**Problem**
For this exercise, retype every record below exactly and keep the pictures out.

▬▬▬

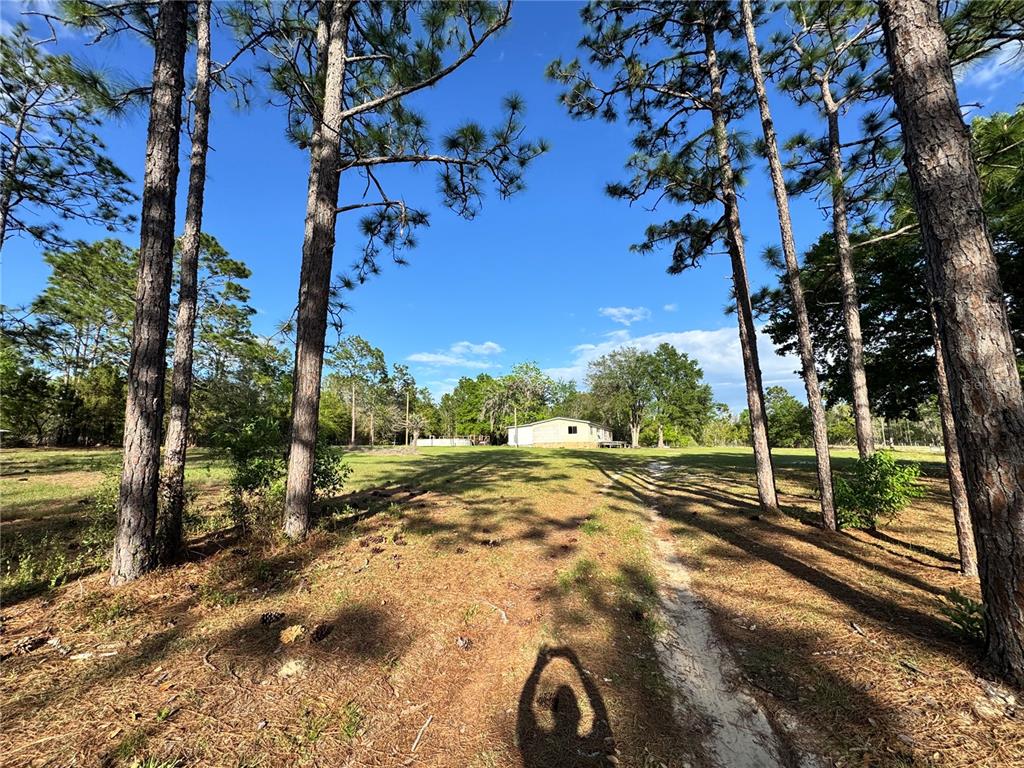 A grassy, open lot features a line of tall pine and oak trees in the background — 4551 NE 132ND COURT, WILLISTON, FL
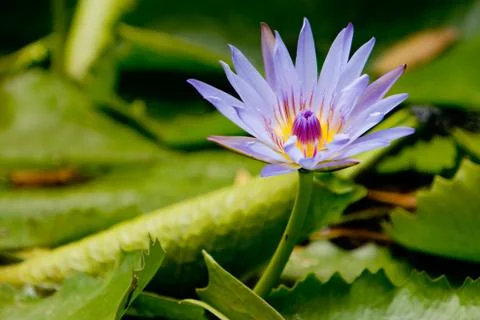 Water lilly Stock Photos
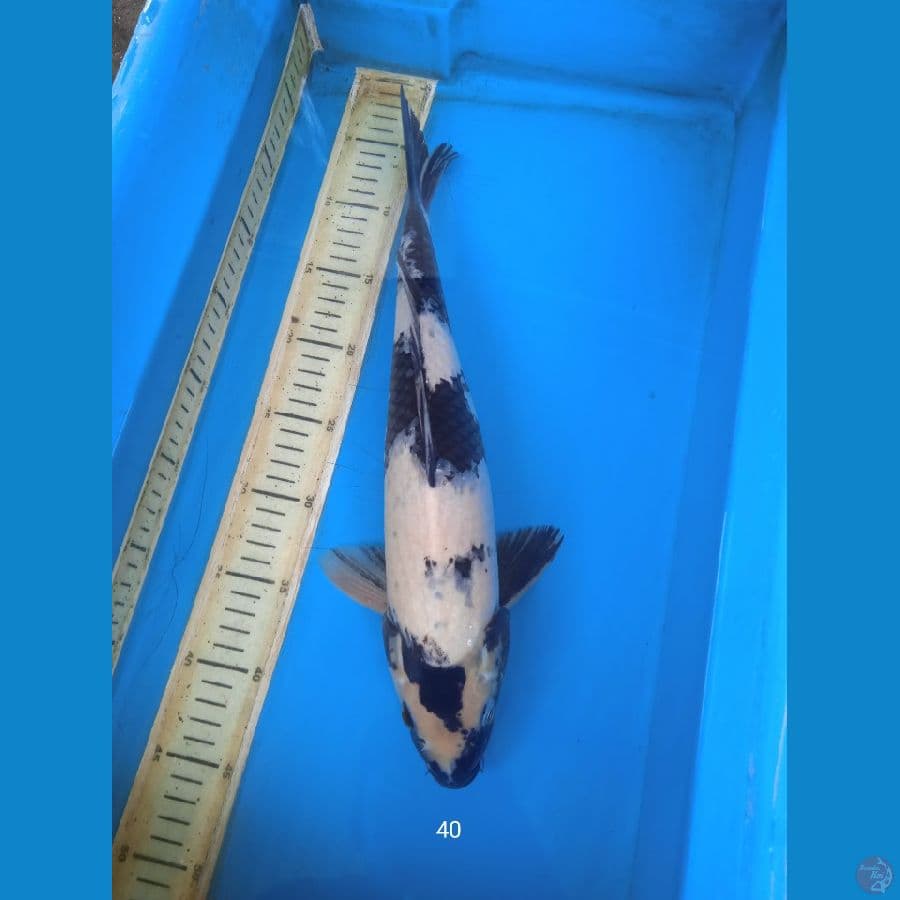 siro 40cm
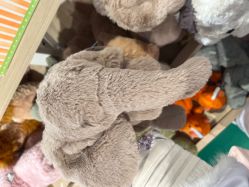 -Hamleys哈姆雷斯(东方福来德店)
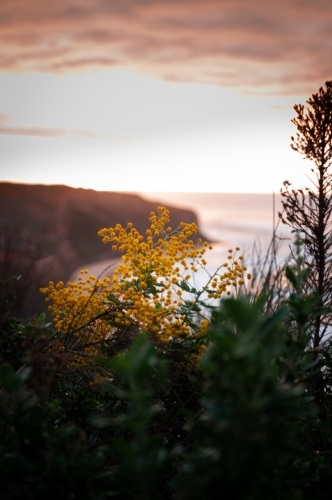 A Golden Wattle Tree Flower Closeup at a Great Ocean Road Sunrise - Australian Stock Image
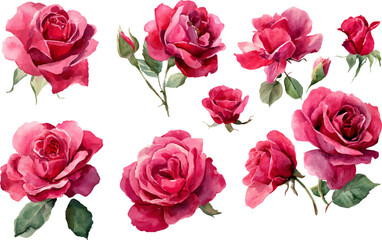 Naklejka premium bouquet of pink roses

▬▬▬

**Solution for this problem**
 A grassy, open lot features a line of tall pine and oak trees in the background — 4551 NE 132ND COURT, WILLISTON, FL
 Water lilly Stock Photos
 siro 40cm
 -Hamleys哈姆雷斯(东方福来德店)
 A Golden Wattle Tree Flower Closeup at a Great Ocean Road Sunrise - Australian Stock Image
 Naklejka premium bouquet of pink roses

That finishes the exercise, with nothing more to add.